Task:
Of the entries below, restate word for word only the section that runs from the line with "Hi everyone, Colleen" to the line with "Magnets are used", counting both ends.

Information provided:
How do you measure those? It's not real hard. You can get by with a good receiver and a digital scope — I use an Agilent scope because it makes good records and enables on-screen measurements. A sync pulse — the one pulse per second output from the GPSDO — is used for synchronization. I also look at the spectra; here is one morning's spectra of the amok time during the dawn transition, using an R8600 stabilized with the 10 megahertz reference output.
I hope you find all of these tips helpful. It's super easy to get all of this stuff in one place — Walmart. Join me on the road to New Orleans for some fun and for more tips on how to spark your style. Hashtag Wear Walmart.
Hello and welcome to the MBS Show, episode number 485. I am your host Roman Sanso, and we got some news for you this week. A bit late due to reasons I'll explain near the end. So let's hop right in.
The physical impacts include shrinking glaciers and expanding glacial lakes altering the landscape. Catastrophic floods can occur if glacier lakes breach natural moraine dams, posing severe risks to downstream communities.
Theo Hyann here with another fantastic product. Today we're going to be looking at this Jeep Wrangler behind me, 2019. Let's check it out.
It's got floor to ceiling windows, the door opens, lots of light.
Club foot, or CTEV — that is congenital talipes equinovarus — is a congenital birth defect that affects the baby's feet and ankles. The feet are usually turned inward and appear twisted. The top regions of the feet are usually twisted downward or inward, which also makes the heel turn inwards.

...

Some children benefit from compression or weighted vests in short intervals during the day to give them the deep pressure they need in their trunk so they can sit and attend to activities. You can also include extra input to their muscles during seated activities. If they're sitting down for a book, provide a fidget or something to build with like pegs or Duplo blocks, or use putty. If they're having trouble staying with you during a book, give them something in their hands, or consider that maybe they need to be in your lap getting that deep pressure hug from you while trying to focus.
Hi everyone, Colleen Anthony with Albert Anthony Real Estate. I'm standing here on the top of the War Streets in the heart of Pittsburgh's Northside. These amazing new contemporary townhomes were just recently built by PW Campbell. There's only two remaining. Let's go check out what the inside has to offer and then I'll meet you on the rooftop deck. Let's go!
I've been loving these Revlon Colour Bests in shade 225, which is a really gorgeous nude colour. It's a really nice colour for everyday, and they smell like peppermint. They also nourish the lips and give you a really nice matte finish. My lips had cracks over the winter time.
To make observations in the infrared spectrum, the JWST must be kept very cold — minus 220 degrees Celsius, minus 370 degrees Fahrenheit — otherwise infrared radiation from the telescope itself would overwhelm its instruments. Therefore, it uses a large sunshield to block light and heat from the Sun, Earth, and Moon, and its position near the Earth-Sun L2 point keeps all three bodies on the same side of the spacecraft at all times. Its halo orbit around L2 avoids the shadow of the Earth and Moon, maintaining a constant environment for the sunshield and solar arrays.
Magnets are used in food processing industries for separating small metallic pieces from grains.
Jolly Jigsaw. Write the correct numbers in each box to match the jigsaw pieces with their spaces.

--

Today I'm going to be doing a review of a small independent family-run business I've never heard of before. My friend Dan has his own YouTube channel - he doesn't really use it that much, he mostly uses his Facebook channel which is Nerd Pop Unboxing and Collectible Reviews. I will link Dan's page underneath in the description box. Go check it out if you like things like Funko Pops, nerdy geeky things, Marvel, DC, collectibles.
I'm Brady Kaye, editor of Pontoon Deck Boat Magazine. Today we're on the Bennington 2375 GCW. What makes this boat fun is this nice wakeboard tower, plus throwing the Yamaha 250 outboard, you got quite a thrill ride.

Answer for this exercise:
Hi everyone, Colleen Anthony with Albert Anthony Real Estate. I'm standing here on the top of the War Streets in the heart of Pittsburgh's Northside. These amazing new contemporary townhomes were just recently built by PW Campbell. There's only two remaining. Let's go check out what the inside has to offer and then I'll meet you on the rooftop deck. Let's go!
I've been loving these Revlon Colour Bests in shade 225, which is a really gorgeous nude colour. It's a really nice colour for everyday, and they smell like peppermint. They also nourish the lips and give you a really nice matte finish. My lips had cracks over the winter time.
To make observations in the infrared spectrum, the JWST must be kept very cold — minus 220 degrees Celsius, minus 370 degrees Fahrenheit — otherwise infrared radiation from the telescope itself would overwhelm its instruments. Therefore, it uses a large sunshield to block light and heat from the Sun, Earth, and Moon, and its position near the Earth-Sun L2 point keeps all three bodies on the same side of the spacecraft at all times. Its halo orbit around L2 avoids the shadow of the Earth and Moon, maintaining a constant environment for the sunshield and solar arrays.
Magnets are used in food processing industries for separating small metallic pieces from grains.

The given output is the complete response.